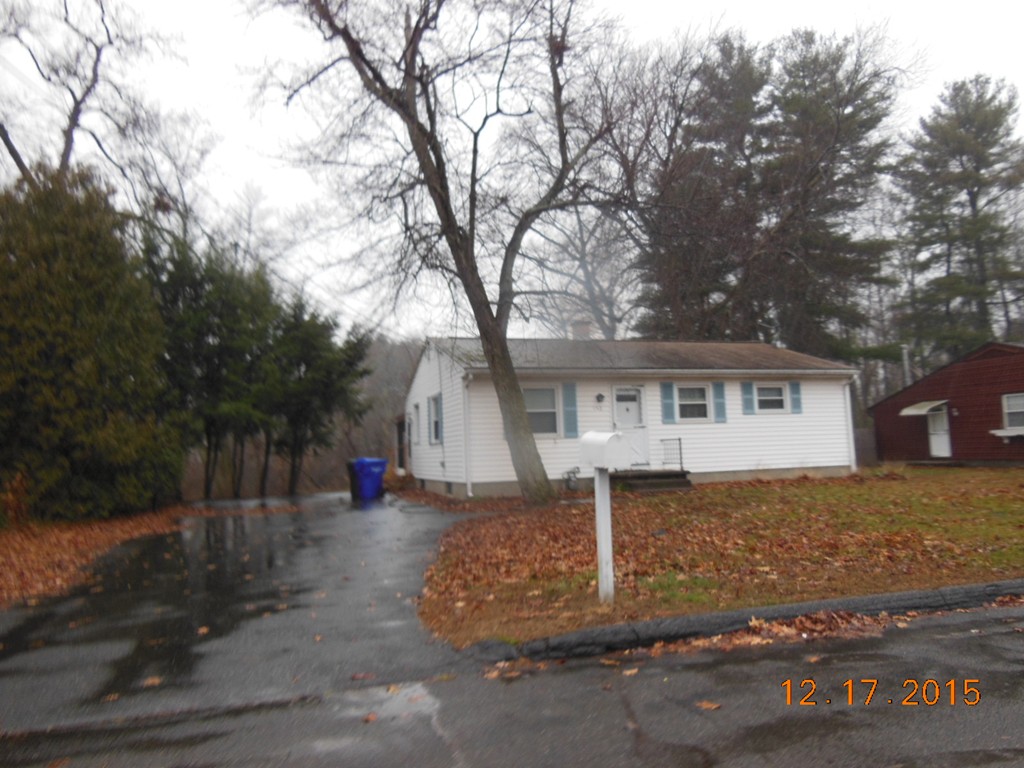152 Wachusett Street Springfield, MA 01118 - Photo 2 of 27 Gallery Image 2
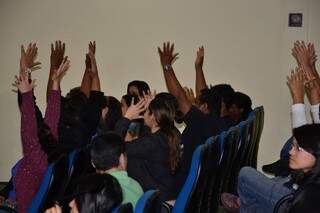 Jovens surdos e mudos tremulando as mãos para aplaudir aprovação (Foto: Cleber Gellio)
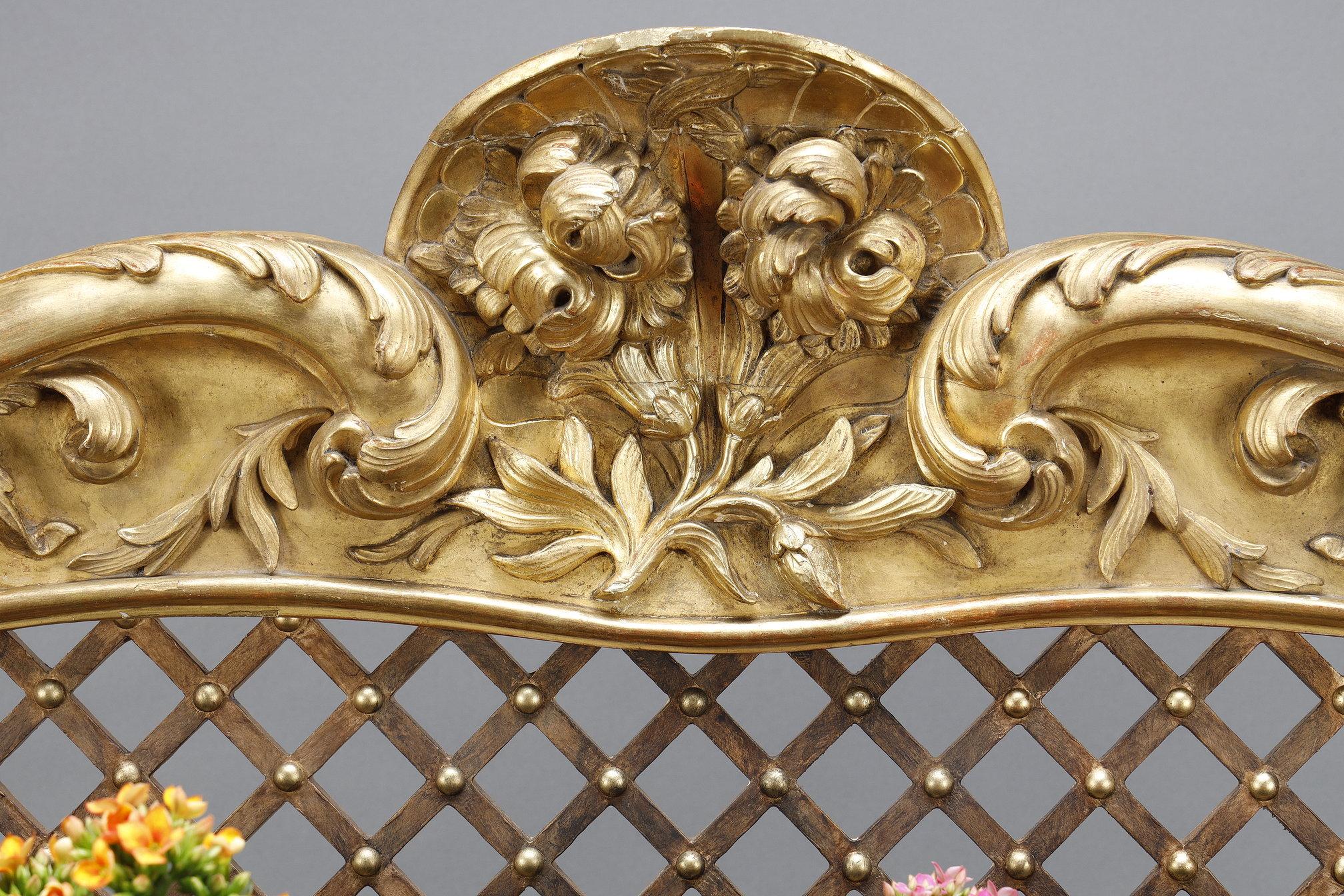 Jardinière en bois sculpté et doré, style Louis XV en vente 10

| EXERCISE REQUIREMENTS |
Word for word, please, restate the lines of the listing from the one holding "Jovens surdos e" down to the last line, leaving out any pictures.

| RESPONSE TO THE TASK |
 Jovens surdos e mudos tremulando as mãos para aplaudir aprovação (Foto: Cleber Gellio)
 Jardinière en bois sculpté et doré, style Louis XV en vente 10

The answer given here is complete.